On my bus journeys between Milton Keynes and Hoddesdon in Hertfordshire this week, I visited both Luton and Cambridge, and In Luton I went in search of the town’s Jewish history and the story of its Jewish communities and synagogues.

Although Luton is the largest urban area in Bedfordshire, Bedford, with a population of about 100,000, remains the county town. It is 74 km north-west of London, 40 km west of Cambridge and 27 km north-east of Milton Keynes.

Bedford is home to one of the largest concentrations of Italian immigrants in Britain, with estimates that about 30% of the population at least is of partial Italian descent.

The town has a large variety of places of worship, including Saint Paul’s Church and Saint Peter’s Church, the largest Sikh gurdwara in the United Kingdom outside London, and the former headquarters of the Panacea Society, founded in 1919, which believed that Bedford would have an important role in the Second Coming of Christ and that Bedford was the original location of the Garden of Eden.

However, there is no longer a synagogue in Bedford. Bedfordshire Progressive Synagogue, which was formed in 1967, is based in Luton although it meets in Bedford once a month, and the nearest Orthodox synagogue is the Luton United Synagogue in Luton.

Bedford had a mediaeval Jewish community until the mass expulsion of Jews from England in 1290. Mediaeval Bedford was one of the 26 centres in England to have an archa.
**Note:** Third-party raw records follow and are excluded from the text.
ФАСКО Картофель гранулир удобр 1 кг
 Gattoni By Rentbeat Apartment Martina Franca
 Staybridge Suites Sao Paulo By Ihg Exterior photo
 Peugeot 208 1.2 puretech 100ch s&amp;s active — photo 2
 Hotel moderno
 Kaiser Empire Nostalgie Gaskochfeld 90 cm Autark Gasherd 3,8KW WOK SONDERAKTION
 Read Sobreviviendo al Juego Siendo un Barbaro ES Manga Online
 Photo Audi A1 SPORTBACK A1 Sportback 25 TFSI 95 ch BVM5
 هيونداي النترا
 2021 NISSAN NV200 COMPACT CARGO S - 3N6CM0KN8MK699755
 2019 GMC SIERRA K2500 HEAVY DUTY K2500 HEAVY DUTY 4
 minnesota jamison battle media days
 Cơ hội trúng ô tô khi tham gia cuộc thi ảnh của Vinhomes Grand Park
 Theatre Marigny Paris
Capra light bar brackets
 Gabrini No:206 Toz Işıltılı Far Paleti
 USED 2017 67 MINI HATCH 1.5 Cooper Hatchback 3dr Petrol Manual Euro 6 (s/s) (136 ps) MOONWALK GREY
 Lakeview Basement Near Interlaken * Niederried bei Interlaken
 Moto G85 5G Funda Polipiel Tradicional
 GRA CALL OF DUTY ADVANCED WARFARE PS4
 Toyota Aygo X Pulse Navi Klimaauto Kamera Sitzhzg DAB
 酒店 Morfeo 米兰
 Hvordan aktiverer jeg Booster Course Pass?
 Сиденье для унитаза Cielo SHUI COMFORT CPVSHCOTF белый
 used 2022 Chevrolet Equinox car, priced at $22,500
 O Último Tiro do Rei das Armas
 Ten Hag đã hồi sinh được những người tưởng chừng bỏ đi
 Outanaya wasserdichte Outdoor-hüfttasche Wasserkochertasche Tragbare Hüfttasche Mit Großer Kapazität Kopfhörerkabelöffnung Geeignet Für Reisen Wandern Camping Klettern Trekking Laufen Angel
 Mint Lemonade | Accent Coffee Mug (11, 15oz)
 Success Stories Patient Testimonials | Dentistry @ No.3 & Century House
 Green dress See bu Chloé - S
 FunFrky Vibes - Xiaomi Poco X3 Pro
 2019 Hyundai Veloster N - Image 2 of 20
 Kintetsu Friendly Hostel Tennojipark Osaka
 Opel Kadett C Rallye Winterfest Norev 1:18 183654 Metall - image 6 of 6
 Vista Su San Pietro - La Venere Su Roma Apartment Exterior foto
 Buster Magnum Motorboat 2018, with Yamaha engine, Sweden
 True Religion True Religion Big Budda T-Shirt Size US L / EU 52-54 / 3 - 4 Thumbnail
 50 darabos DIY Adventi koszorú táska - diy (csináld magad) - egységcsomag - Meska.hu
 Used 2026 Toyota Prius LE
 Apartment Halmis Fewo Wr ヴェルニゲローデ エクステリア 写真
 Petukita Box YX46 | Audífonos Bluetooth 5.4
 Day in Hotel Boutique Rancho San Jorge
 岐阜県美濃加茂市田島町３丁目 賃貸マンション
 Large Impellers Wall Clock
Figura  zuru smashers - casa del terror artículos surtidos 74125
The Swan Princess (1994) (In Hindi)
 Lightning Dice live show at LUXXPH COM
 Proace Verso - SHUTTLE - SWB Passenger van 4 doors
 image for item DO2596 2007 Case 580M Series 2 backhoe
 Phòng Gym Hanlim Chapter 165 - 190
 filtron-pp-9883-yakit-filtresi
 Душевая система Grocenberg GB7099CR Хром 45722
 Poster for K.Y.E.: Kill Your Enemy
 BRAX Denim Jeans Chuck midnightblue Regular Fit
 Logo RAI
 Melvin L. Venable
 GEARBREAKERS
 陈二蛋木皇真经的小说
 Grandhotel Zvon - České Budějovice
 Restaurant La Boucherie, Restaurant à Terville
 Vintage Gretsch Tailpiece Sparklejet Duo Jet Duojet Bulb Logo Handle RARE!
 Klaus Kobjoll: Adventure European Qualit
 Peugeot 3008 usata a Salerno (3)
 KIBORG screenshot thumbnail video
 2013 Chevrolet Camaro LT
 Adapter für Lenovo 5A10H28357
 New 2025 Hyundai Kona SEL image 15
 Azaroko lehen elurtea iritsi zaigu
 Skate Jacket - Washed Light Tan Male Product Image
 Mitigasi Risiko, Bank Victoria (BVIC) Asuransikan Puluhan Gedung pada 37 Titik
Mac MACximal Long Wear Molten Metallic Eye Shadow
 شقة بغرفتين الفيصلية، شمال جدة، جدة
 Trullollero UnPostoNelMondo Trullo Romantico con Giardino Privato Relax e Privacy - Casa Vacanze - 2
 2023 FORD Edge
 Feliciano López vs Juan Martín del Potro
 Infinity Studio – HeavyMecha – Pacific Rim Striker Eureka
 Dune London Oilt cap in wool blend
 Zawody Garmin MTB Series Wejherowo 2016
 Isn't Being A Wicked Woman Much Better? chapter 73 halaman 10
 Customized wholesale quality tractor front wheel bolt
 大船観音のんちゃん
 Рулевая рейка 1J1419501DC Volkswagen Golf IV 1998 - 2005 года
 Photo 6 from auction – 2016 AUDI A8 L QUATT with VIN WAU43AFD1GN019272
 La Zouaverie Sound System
These archae were official chests, provided with three locks and seals, and they held and preserved all deeds and contracts of the Jewish communities.

The archae were part of the reorganisation of English Jewry ordered by Richard I following the massacres of Jews in England 1189-1190. During the riots and massacres after his coronation, the mobs had destroyed Jewish financial records, resulting in heavy losses of Crown revenues.

The archae were introduced to safeguard royal interests in case of future disorder. All Jewish possessions and financial transactions were registered in designated cities. In each city with an archa, a bureau was set up with two reputable Jews and two Christian clerks, under the supervision of a new central authority known as the Exchequer of the Jews.

Bedford was one of the original cities with an archa. Other centres included London, Canterbury, Lincoln, Norwich, Oxford, Winchester and possibly Bristol, Cambridge, Gloucester and Northampton or Nottingham. The centres had increased in number to 27 by the mid-13th century. By the time of the mass expulsion of Jews from England in 1290, Jews had already been excluded from eight of these centres and only 19 archae were active.

The earliest record of Jews living in Bedford dates from 1185, when Jacob of Bedford and Solomon of Bedford paid substantial sums to King Henry I to recover debts. From then on, the names of Jews from Bedford occur sporadically in the records, with some Jews migrating to other places, such as Hitchin, Thetford and Essex.

A decade later, Fleur de Luz, a Jewish woman, was one of seven members of the Jewish community in Bedford who contributed £1 8s towards the ransom of Richard I in 1194, under the provisions of the Northampton donum – the equivalent of up to £2 million today.

Bonefard of Bedford, a Jew in Bedford, was accused in 1202 of causing the death of a child named Richard, a nephew of Robert of Sutton, by ‘ementulating’ him. This was probably a case of conversion to Judaism on the part of Richard. It was tried before a jury of the Hundred and Bonefard was acquitted.

Jews in Bedford suffered from violence during the Barons’ Wars in 1263 and again in 1274, and three Jews were hanged for coin clipping in 1278.

It appears the Jews in 14th century Bedford lived on the High Street. When Jews were forcibly expelled from England in 1290, Jewish-owned property in the High Street in Bedford passed to the Crown, including two messuages on the High Street belonging to Cok Fil Benedict and Pictavus.

His name indicates that Pictavus was an immigrant from Poitou. One of his two sons, Benedict fil’ Pictavus, was baptised in Ely; the other son, Jacob, was hanged for felony, and his messuage on High Street was given by the king to the town crier of Newnham.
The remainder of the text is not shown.